Curanmor Masih Mengintai Warga, DPRD Pekanbaru: Aktifkan Kembali Siskamling

22-Warung-Remang-remang-Dibongkar-Komisi-I-Apresiasi-Pemko-Pekanbaru.jpg
Anggota Komisi I DPRD Pekanbaru, Aidil Nur Putra. (Herianto Wibowo/Riau Online)

RIAU ONLINE, PEKANBARU – Aksi pencurian kendaraan bermotor (curanmor) yang masih menghantui masyarakat menjadi perhatian DPRD Kota Pekanbaru. Di tengah keterbatasan pengawasan, masyarakat diminta tidak hanya mengandalkan aparat kepolisian, tetapi kembali memperkuat keamanan dari lingkungan masing-masing.

Anggota DPRD Pekanbaru, Aidil Nur Putra, mengimbau masyarakat bersama tokoh masyarakat serta RT/RW untuk mengaktifkan kembali sistem keamanan lingkungan (siskamling).

Menurut Ketua Fraksi Partai NasDem DPRD Pekanbaru tersebut, keterlibatan masyarakat menjadi salah satu kunci untuk mencegah terjadinya aksi kriminalitas, khususnya di kawasan permukiman.

"Kita meminta partisipasi aktif warga untuk ikut menjaga keamanan lingkungan, terutama dengan mengaktifkan kembali siskamling. Dengan adanya siskamling, aksi kriminalitas di lingkungan permukiman diharapkan dapat ditekan sehingga tercipta rasa aman bagi masyarakat," ujar Aidil Nur Putra, Selasa 1 September 2026.

Aidil menilai, siskamling bukan sekadar kegiatan ronda malam. Jika dilakukan secara konsisten dan melibatkan warga, sistem tersebut dapat menjadi lapisan pengamanan awal untuk mendeteksi aktivitas mencurigakan di lingkungan permukiman.

Selain peran masyarakat, Aidil juga meminta jajaran kepolisian, baik Polsek maupun Polresta Pekanbaru, meningkatkan kehadiran di tengah masyarakat.

Ia berharap polisi tidak hanya bergerak setelah terjadi tindak pidana, tetapi juga memperkuat langkah pencegahan melalui patroli dan sosialisasi keamanan secara rutin.



"Kita juga berharap pihak kepolisian terus hadir di tengah masyarakat dengan memberikan sosialisasi dan informasi serta rutin melakukan patroli, baik siang maupun malam hari," katanya.

Aidil menyebut salah satu tindak kriminal yang cukup meresahkan masyarakat Pekanbaru adalah pencurian kendaraan bermotor atau curanmor.

Karena itu, ia meminta warga meningkatkan kewaspadaan dan memperketat pengawasan terhadap lingkungan tempat tinggal.

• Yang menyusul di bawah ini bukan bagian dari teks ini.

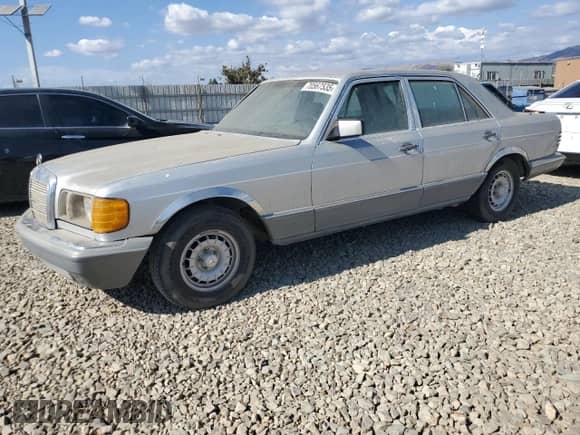 1984 Mercedes-Benz 300 SD с VIN WDBCB20A7EA024551, выставлен на аукционе Copart как лот 70567535 с пробегом 285 421 миль миль и Списание • Salvage title. История ставок и продаж доступна на DreamBid. Изображение 1.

Menurutnya, pemanfaatan teknologi seperti kamera pengawas atau CCTV juga dapat menjadi langkah tambahan untuk mempersempit ruang gerak pelaku kejahatan.

"Kalau kita lihat, aksi kriminalitas di Kota Pekanbaru cukup tinggi, terutama kasus curanmor yang selalu meresahkan masyarakat. Untuk itu, masyarakat perlu meningkatkan kewaspadaan, pengamanan serta memperketat pengawasan lingkungan, termasuk dengan pemasangan CCTV," ungkapnya.

Di sisi lain, Aidil memberikan apresiasi kepada jajaran kepolisian yang belakangan ini berhasil mengungkap sejumlah kasus curanmor dan menangkap para pelakunya.

Menurutnya, pengungkapan kasus dan penangkapan pelaku harus terus dilakukan secara konsisten agar memberikan efek pencegahan sekaligus rasa aman bagi masyarakat.

"Kita memberikan apresiasi kepada pihak kepolisian yang telah berhasil menangkap pelaku kejahatan curanmor akhir-akhir ini. Semoga aksi kejahatan curanmor dan kriminalitas lainnya semakin berkurang di Kota Pekanbaru," ujarnya.

Aidil berharap upaya menjaga keamanan Kota Pekanbaru tidak hanya menjadi tugas kepolisian. Sinergi antara aparat, pemerintah, RT/RW, tokoh masyarakat dan warga dinilai penting agar keamanan lingkungan dapat dijaga secara bersama-sama.

Dengan kembali aktifnya siskamling, ditambah patroli kepolisian dan pemanfaatan CCTV, ia berharap titik-titik rawan kriminalitas di Pekanbaru dapat ditekan dan masyarakat bisa menjalankan aktivitas sehari-hari dengan lebih aman.